Among the entries below, copy every line that carries the word "Products".

[Saved entries]
-*-
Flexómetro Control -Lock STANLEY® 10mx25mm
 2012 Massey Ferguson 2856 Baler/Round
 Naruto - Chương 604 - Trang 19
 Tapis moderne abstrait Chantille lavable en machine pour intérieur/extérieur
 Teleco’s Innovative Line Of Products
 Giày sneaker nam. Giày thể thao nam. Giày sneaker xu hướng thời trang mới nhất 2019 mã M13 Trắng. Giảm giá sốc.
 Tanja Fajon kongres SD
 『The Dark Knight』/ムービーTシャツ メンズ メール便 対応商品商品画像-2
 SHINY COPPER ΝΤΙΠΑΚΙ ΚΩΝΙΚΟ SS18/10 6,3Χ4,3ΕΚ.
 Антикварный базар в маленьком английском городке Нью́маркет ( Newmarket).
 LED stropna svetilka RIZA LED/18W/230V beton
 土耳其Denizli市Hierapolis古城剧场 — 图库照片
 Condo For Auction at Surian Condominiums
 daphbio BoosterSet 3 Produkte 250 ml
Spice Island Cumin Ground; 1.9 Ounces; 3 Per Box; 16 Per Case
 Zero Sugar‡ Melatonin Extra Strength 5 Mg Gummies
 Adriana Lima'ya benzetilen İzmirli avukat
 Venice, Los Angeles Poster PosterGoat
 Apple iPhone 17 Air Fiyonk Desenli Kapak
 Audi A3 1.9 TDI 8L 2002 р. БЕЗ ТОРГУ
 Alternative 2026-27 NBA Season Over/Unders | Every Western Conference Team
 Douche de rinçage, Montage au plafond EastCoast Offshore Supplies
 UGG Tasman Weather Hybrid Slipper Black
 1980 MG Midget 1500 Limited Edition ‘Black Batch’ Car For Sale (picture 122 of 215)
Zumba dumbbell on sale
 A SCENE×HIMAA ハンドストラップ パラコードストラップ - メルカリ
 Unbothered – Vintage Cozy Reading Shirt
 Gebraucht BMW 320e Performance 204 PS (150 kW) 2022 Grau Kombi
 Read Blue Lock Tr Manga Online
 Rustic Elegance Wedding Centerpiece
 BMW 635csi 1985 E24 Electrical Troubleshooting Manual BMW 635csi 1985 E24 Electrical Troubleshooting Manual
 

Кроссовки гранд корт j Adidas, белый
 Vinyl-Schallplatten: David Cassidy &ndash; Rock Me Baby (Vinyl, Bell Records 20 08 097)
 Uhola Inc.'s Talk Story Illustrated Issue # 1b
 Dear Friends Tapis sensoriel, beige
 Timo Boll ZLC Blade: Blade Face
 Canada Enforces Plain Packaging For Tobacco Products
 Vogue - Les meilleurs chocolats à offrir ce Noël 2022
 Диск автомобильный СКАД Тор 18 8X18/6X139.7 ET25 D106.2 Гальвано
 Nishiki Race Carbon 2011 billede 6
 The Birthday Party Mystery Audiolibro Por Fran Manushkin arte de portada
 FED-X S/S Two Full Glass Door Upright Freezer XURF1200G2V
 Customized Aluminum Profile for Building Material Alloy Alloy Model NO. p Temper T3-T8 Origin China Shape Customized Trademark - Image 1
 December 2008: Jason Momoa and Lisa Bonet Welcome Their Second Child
-*-
# EXPECTED ANSWER
 Teleco’s Innovative Line Of Products
 Canada Enforces Plain Packaging For Tobacco Products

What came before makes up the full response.